Friday, July 20, 2007

Replication Syncing MASTER_POS_WAIT

  • MASTER_POS_WAIT


  • This function is useful for control of master/slave synchronization. It blocks until the slave has read and applied all updates up to the specified position in the master log. The return value is the number of log events the slave had to wait for to advance to the specified position. The function returns NULL if the slave SQL thread is not started, the slave's master information is not initialized, the arguments are incorrect, or an error occurs. It returns -1 if the timeout has been exceeded. If the slave SQL thread stops while MASTER_POS_WAIT() is waiting, the function returns NULL. If the slave is past the specified position, the function returns immediately.

    If a timeout value is specified, MASTER_POS_WAIT() stops waiting when timeout seconds have elapsed. timeout must be greater than 0; a zero or negative timeout means no timeout.



    This is great for applications which auto promote masters, but one has to account for race conditions.


    For example, dbmaster1 and dbmaster2 are in bi-directional replication displayed below.

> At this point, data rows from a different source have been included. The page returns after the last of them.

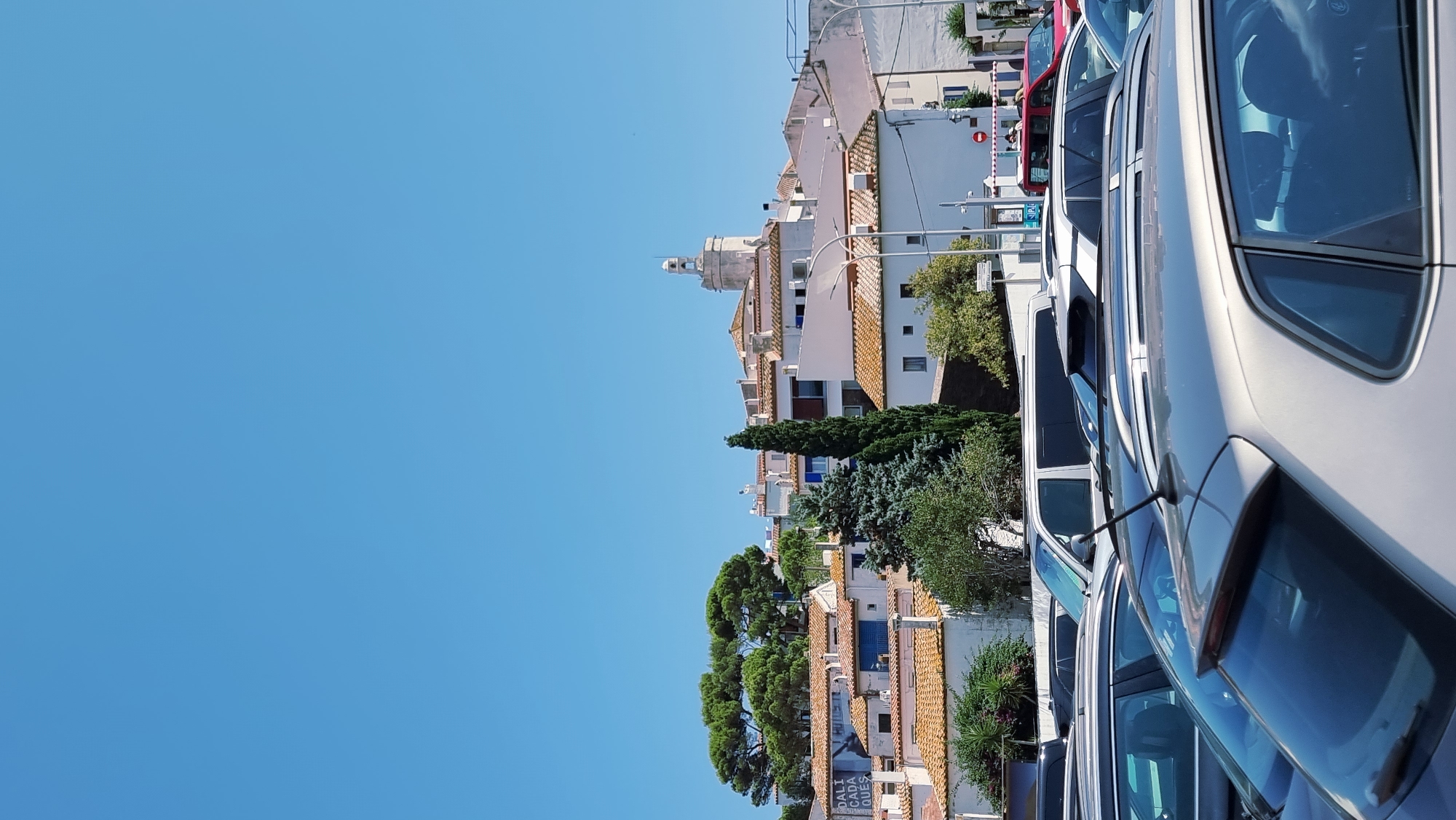 Wandering the whitewashed streets of Cadaqués on a summer afternoon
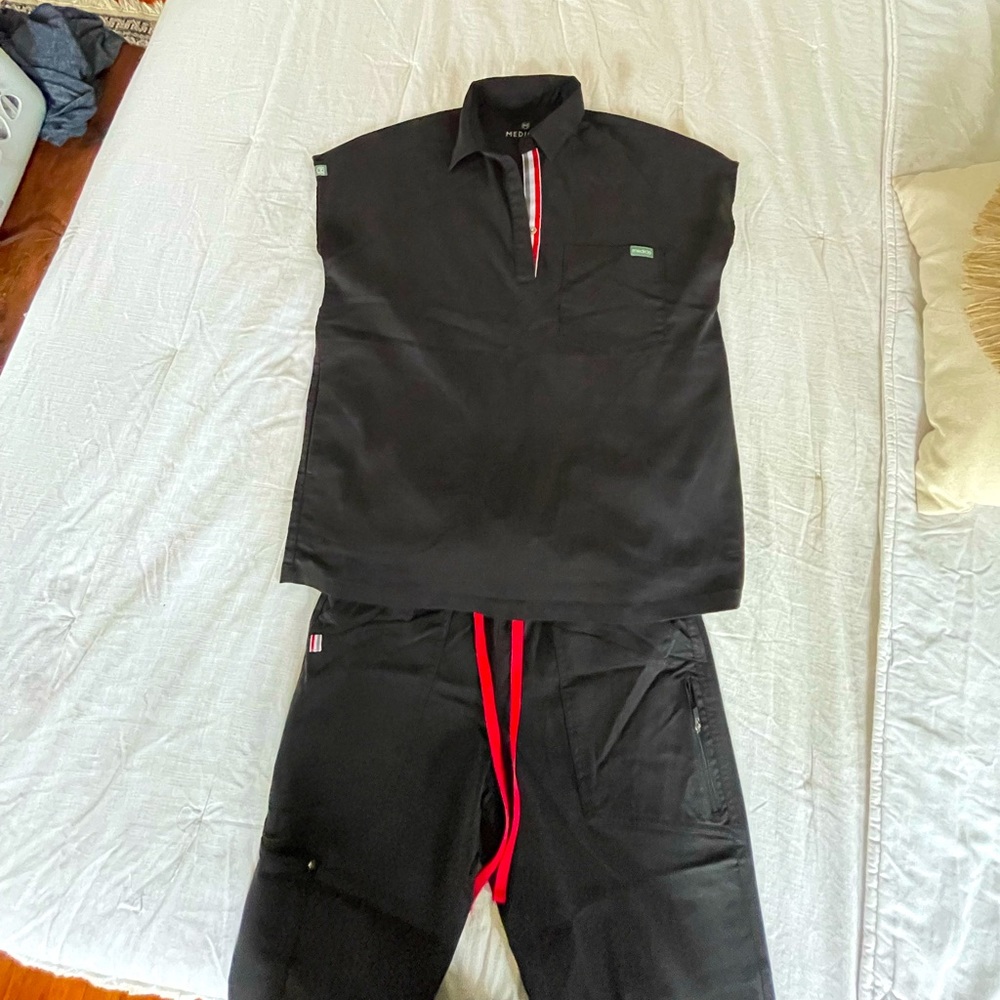 Mediclo jogger and oversized scrub top set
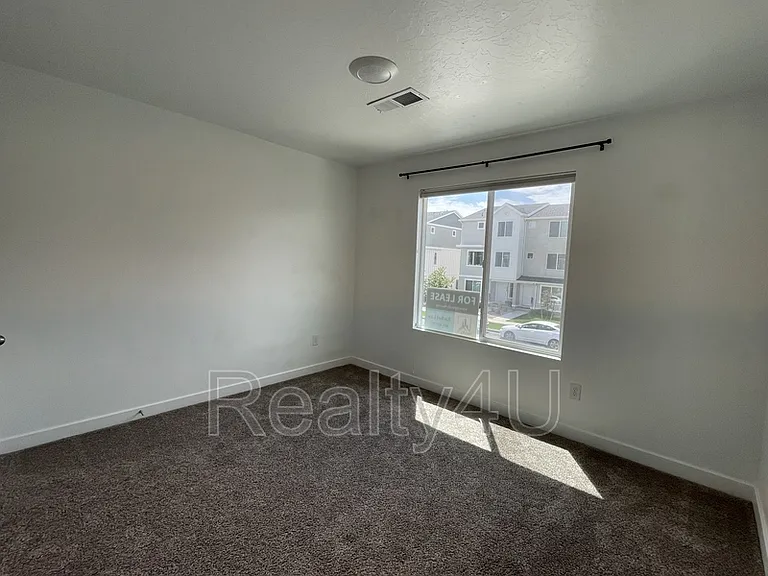 1088 E Waterway Ln #1 — Photo 15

    dbmaster1 <----> dbmaster2


    dbmaster2 has slaves called dbslaves1 and dbslaves2. We want to replace dbmaster2 with dbslave1.

    On dbmaster1 issue:

    FLUSH LOGS;


    On dbmaster2 stop external writes to it and execute

    SELECT MASTER_POS_WAIT('dbmaster1-bin.000002', 4); SLAVE STOP;


    db3>show slave status\G
    *************************** 1. row ***************************
    Slave_IO_State:
    Master_Host: dbmaster1
    Master_User: replication
    Master_Port: 3306
    Connect_Retry: 60
    Master_Log_File: dbmaster1-bin.000002
    Read_Master_Log_Pos: 3696603
    Relay_Log_File: dbslave-relay.000005
    Relay_Log_Pos: 597702176
    Relay_Master_Log_File: dbmaster1-bin.000002
    Slave_IO_Running: No
    Slave_SQL_Running: No
    Replicate_Do_DB:
    Replicate_Ignore_DB:
    Replicate_Do_Table:
    Replicate_Ignore_Table:
    Replicate_Wild_Do_Table:
    Replicate_Wild_Ignore_Table:
    Last_Errno: 0
    Last_Error:
    Skip_Counter: 0
    Exec_Master_Log_Pos: 805
    Relay_Log_Space: 601376092
    Until_Condition: None
    Until_Log_File:
    Until_Log_Pos: 0
    Master_SSL_Allowed: No
    Master_SSL_CA_File:
    Master_SSL_CA_Path:
    Master_SSL_Cert:
    Master_SSL_Cipher:
    Master_SSL_Key:
    Seconds_Behind_Master: NULL




    Notice Exec_Master_Log_Pos is at POS 805. This is a small window of events that passed. So, make sure to account for it.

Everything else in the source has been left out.